* **PROBLEM STATEMENT**
Restate each record below word for word, skipping images.

Image-text web data:
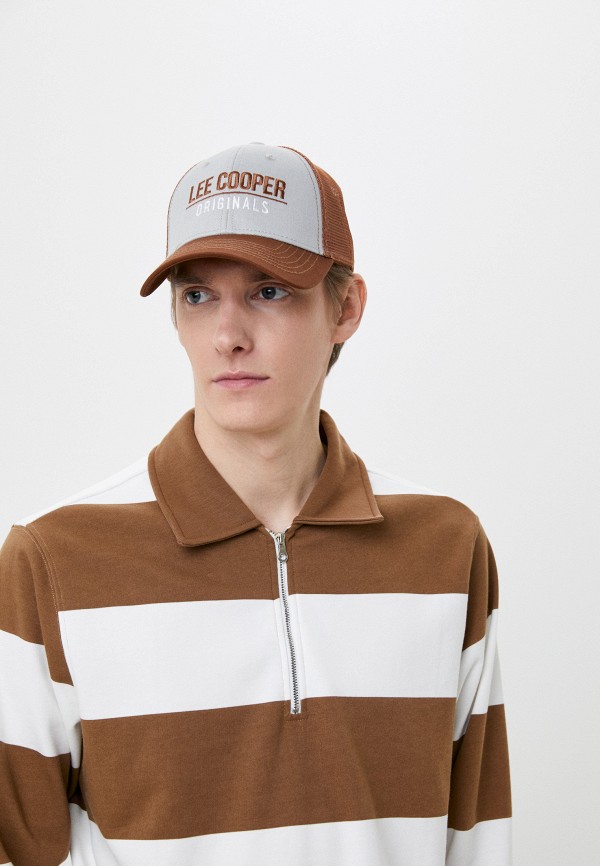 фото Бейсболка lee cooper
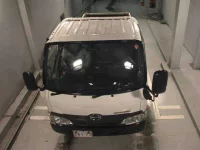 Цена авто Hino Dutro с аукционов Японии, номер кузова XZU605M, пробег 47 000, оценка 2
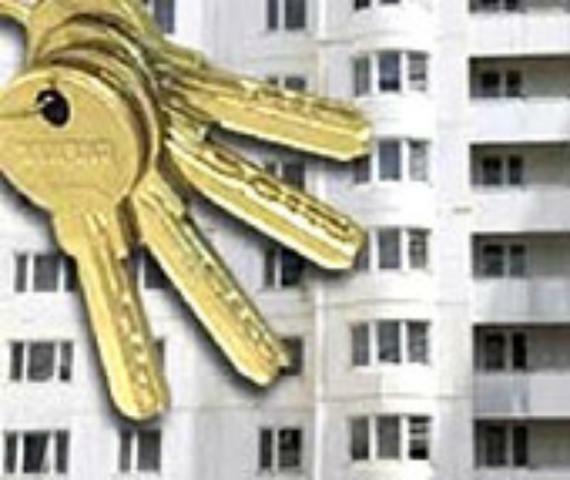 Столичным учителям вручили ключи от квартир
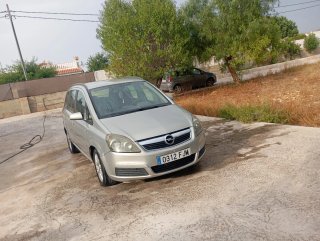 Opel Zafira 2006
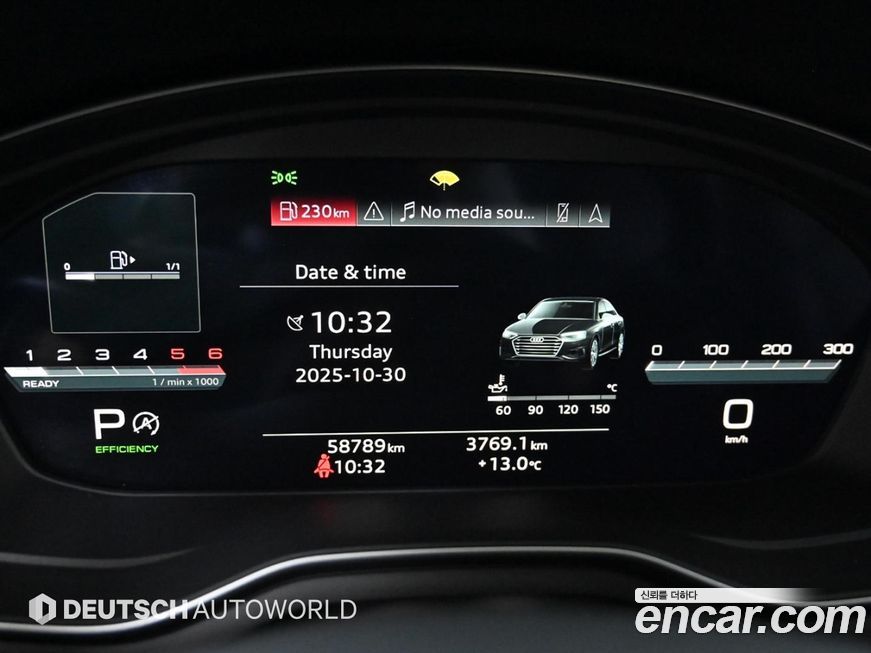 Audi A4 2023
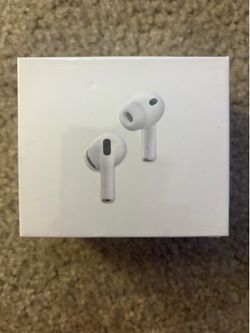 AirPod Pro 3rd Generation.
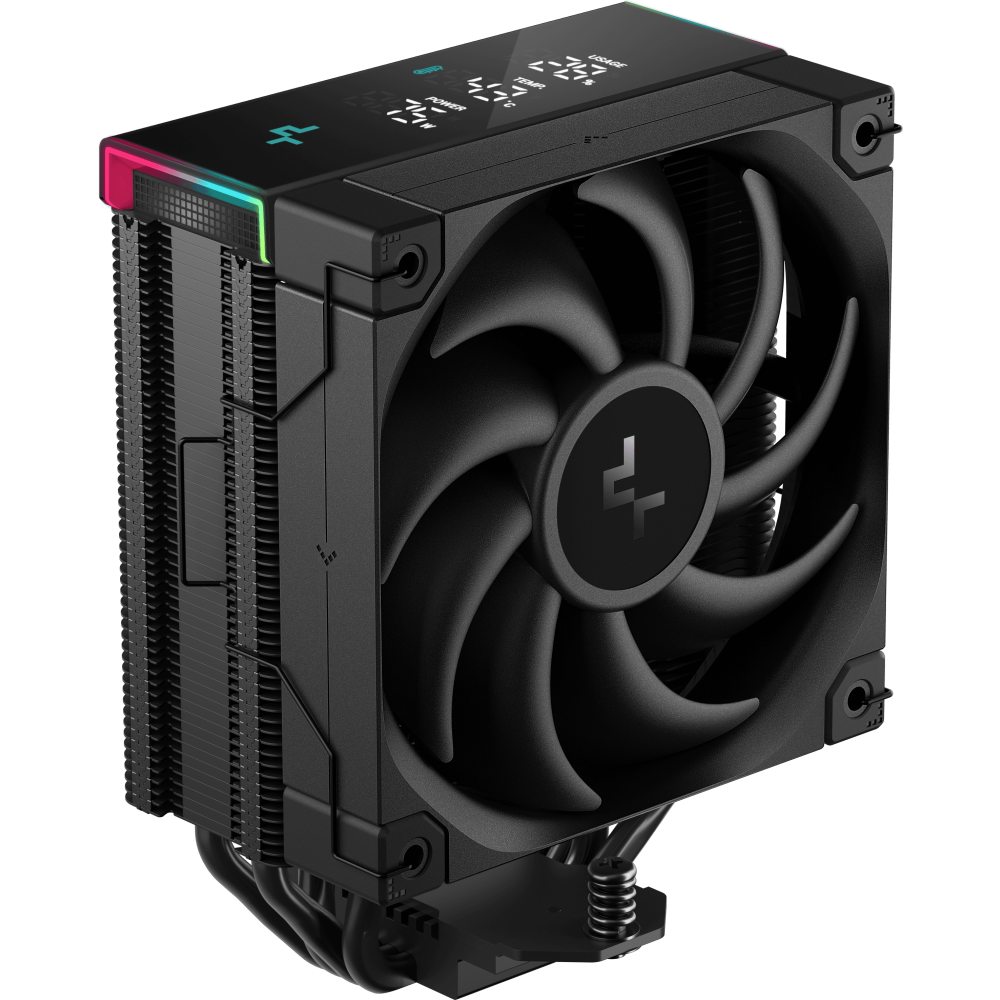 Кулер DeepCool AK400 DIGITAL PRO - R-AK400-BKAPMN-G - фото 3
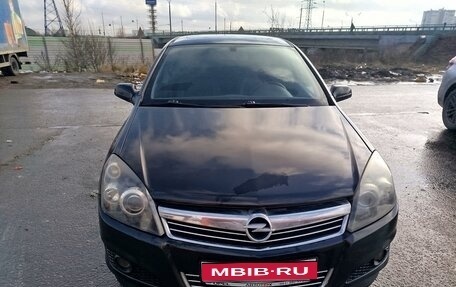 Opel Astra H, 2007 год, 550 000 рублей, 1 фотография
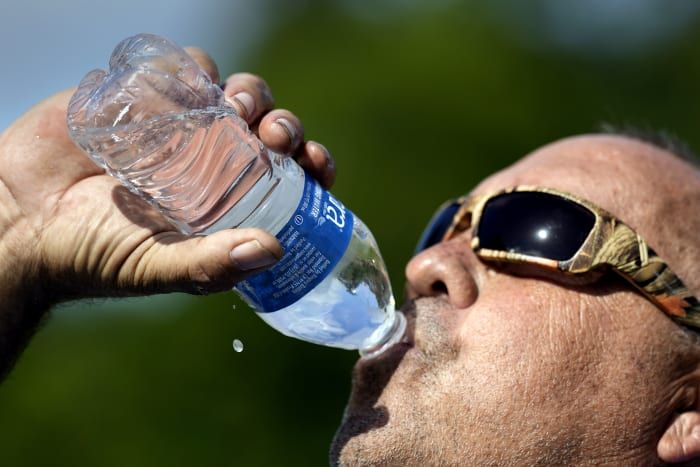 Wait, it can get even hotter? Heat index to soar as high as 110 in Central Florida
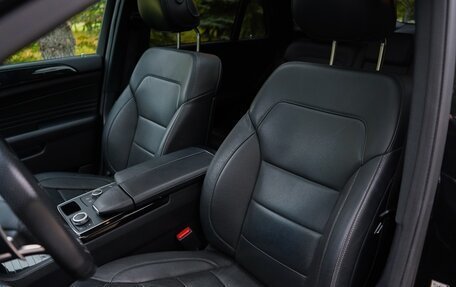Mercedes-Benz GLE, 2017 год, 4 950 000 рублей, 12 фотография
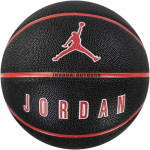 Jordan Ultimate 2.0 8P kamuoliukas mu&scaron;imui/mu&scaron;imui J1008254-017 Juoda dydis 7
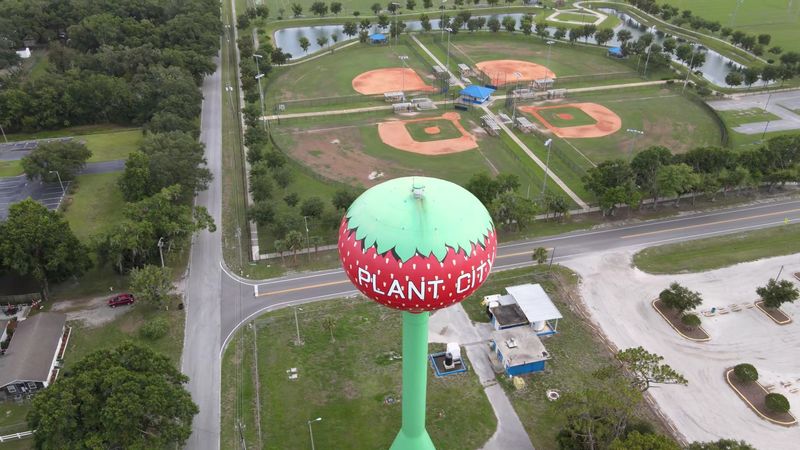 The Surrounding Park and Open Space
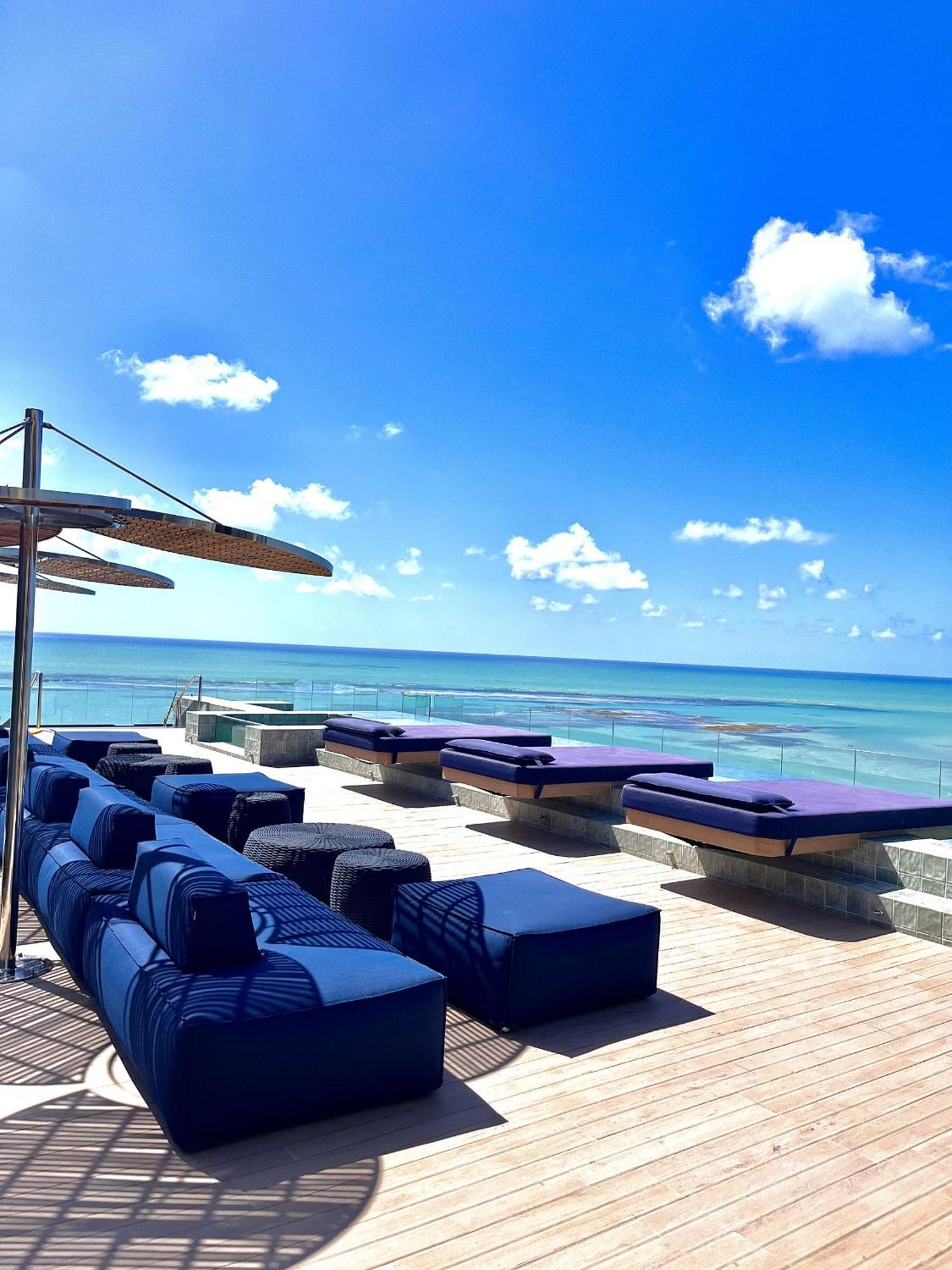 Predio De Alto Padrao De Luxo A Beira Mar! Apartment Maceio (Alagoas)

* **TASK RESPONSE**
 фото Бейсболка lee cooper
 Цена авто Hino Dutro с аукционов Японии, номер кузова XZU605M, пробег 47 000, оценка 2
 Столичным учителям вручили ключи от квартир
 Opel Zafira 2006
 Audi A4 2023
 AirPod Pro 3rd Generation.
 Кулер DeepCool AK400 DIGITAL PRO - R-AK400-BKAPMN-G - фото 3
 Opel Astra H, 2007 год, 550 000 рублей, 1 фотография
 Wait, it can get even hotter? Heat index to soar as high as 110 in Central Florida
Mercedes-Benz GLE, 2017 год, 4 950 000 рублей, 12 фотография
 Jordan Ultimate 2.0 8P kamuoliukas mu&scaron;imui/mu&scaron;imui J1008254-017 Juoda dydis 7
 The Surrounding Park and Open Space
 Predio De Alto Padrao De Luxo A Beira Mar! Apartment Maceio (Alagoas)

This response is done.